Each week viewers would turn in to watch Dobie Gillis (Dwayne Hickman) chase the love of his life,  Thalia Menninger (Tuesday Weld).   While Dobie was chasing Thalia,   Zelda Gilroy (Sheila James) was chasing Dobie and stealing scenes.   Eager to cash in on Zelda's popularity,  the network decided to spin her off in her own series, "Zelda."   You say you never saw her show?   Only four episodes were shot,  and they were never aired.  Rumors began to circulate that Sheila was a lesbian.  The rumors were true and she did very little additional acting work after.  After leaving show business,   she was passed over for a promotion in favor of a man with less experience.   Sheila began to see major obstacles for women in the job market.   She went back to school,  got a degree in law and became an attorney specializing in Feminist causes.  Sheila James,  now Sheila Kuehl, lives in Sacramento and in 1992 was elected to California State Assembly to represent the 41st district.   In 1995 she became California State Assembly Democratic Whip.  From time to time you can see Sheila on "Politically Incorrect."

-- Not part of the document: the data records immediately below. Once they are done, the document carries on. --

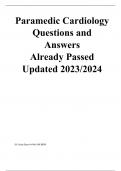 Paramedic Cardiology Questions and Answers  Already Passed Updated 2023/2024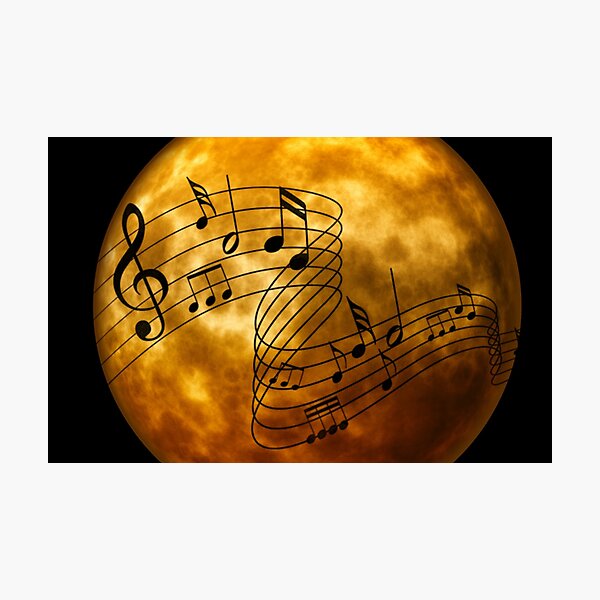 music notes moon Photographic Print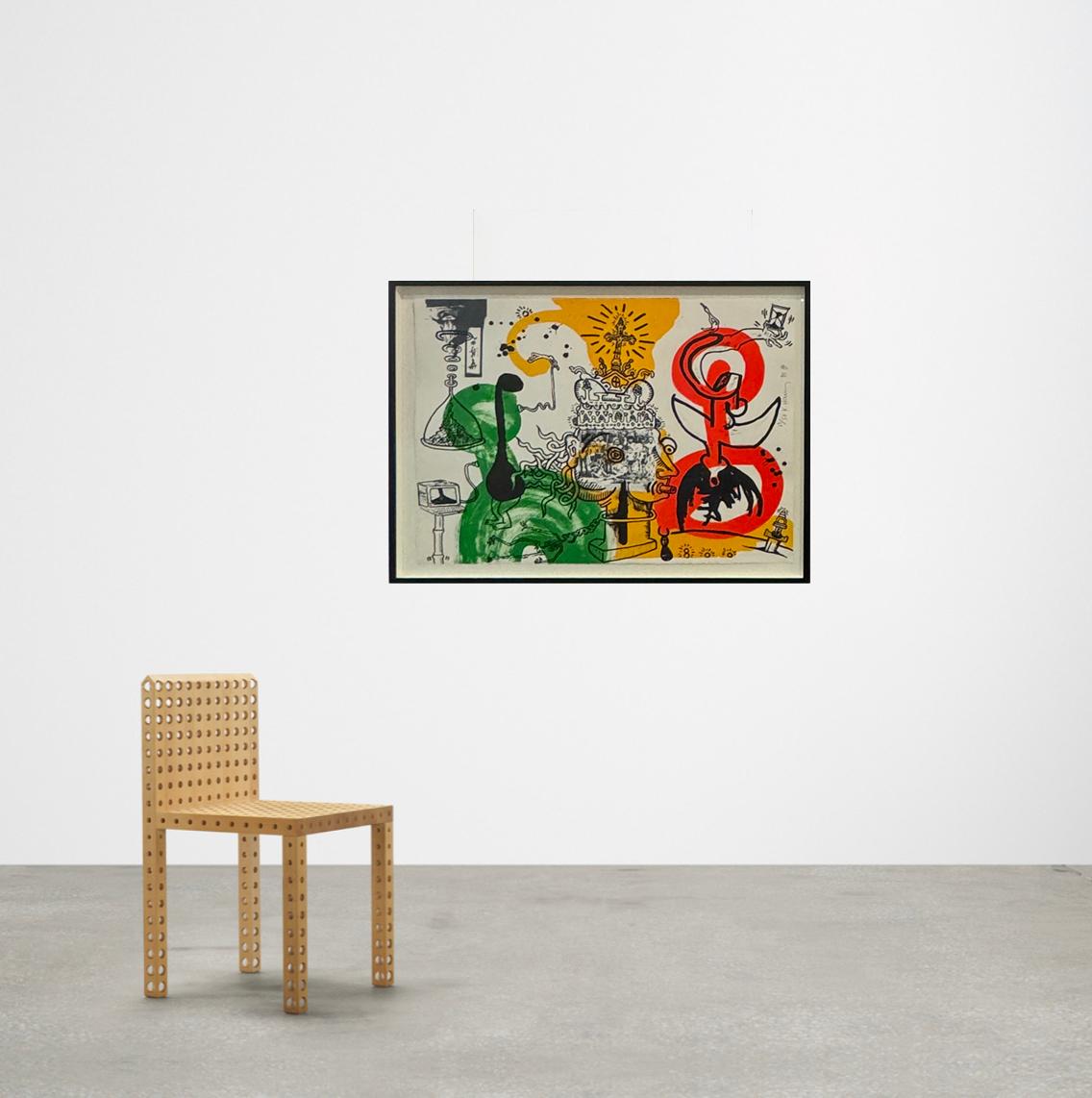 The King - Beige Abstract Print by Keith Haring
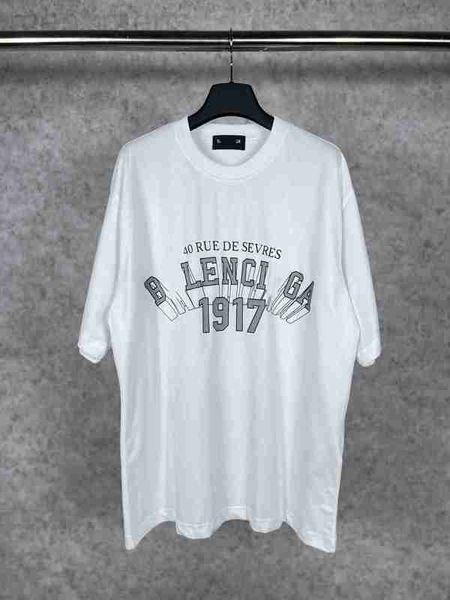

women's t-shirt designer high edition 2023 summer new luxury fashion b family 1917 series 3d letter burst print men's and short sl, White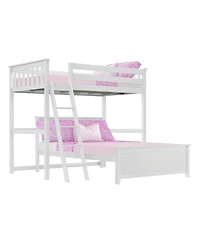 Max & Lily Solid Wood L-Shaped Bunk Bed, Twin over Full with Ladder for Kids,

What do you do after you create what's considered the worst show in TV history?    Allan Burns is that person.  He created and wrote "My Mother The Car" in 1965.   MMTC star Jerry Van Dyke says the series was so bad he didn't work for years after it.   Allan Burns,  on the other hand,  went on to produce "The Mary Tyler Moore Show" for Grant Tinker.   Allan's work on the show contributed to the show's numerous Emmy awards.  His success didn't stop there.    He went on to write "Butch and Sundance: The Early Days" in 1979 and got an Oscar nomination for his screenplay "A Little Romance" also in 1979.   Not all of his work is Oscar worthy,   for example: "The Garbage Pail Kids Movie" (Allan teamed up with Rod Amateau, the director of MMTC for this masterpiece) and "Swimsuit" are also among Allan's credits.   It just goes to show you;  no matter how horrendous your mistakes are,  everyone deserves a second chance.

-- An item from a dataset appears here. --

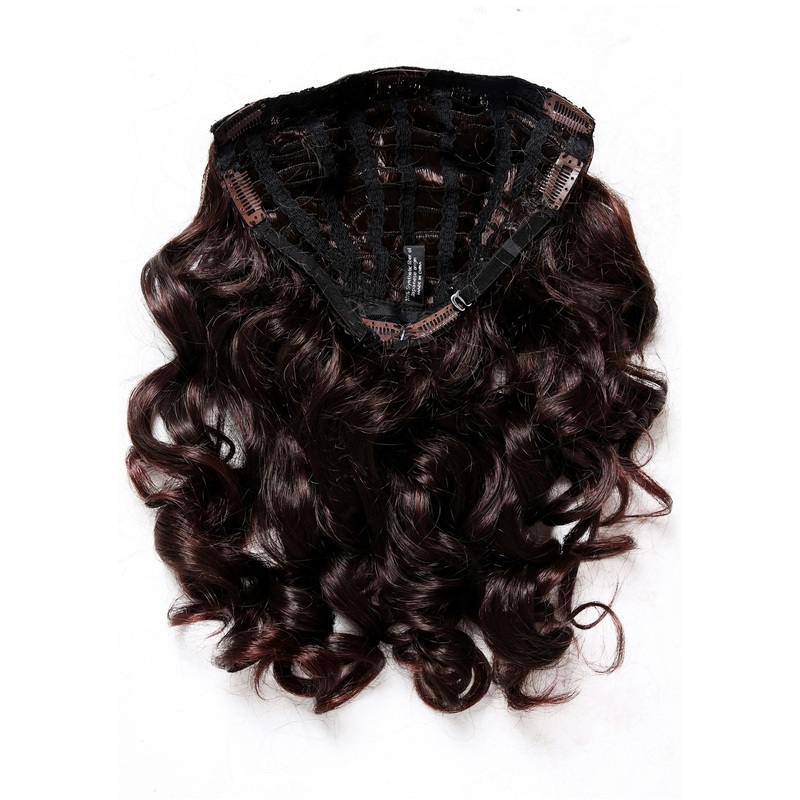 Hairpiece Halfwig 7 Clip In Extension long curls curled mahogany brown mix H9503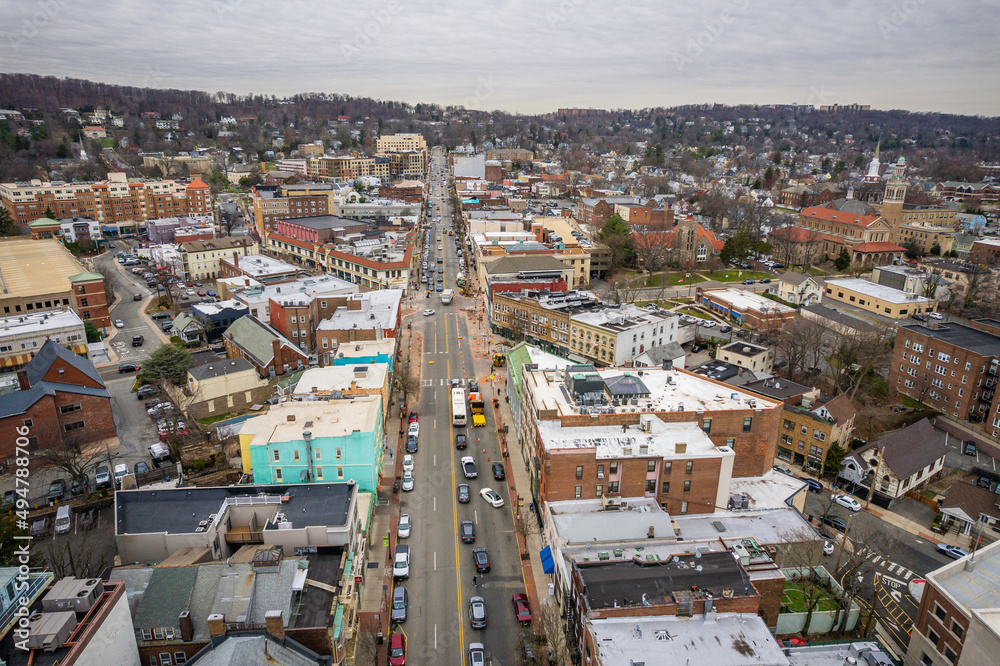 Fototapeta premium Aerial Drone of Montclair New Jersey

On April 29th Nickelodeon's TV Land will be one year old. When the cable network premiered, the folks at Viacom threw a big party to kick things off.  A highlight of the event was the re-uniting of three of the Bradley girls from "Petticoat Junction,"  Meredith MacRae (the third to play Billie Jo),  Lori Saunders (the second to play Bobbie Jo) and Linda Kate Henning (daughter of creator Paul Henning and the only one to play Betty Jo).   The top question asked of the girls was "what did you wear when they filmed the scene in the water tank."  They wouldn't tell,  but Morty will. The girls never set foot,  or any other body part,  in the water tower,  the famous scene was filmed indoors.  The girls stood behind a four foot high plywood mock-up of the tank.  A cyclorama behind them was painted sky blue,  and some tree tops were placed in the background to add to the illusion.  The indoor scene was cleverly edited into the Oregon location footage that included the girls dresses draped over the top of the tank and the Shady Rest Hotel sign.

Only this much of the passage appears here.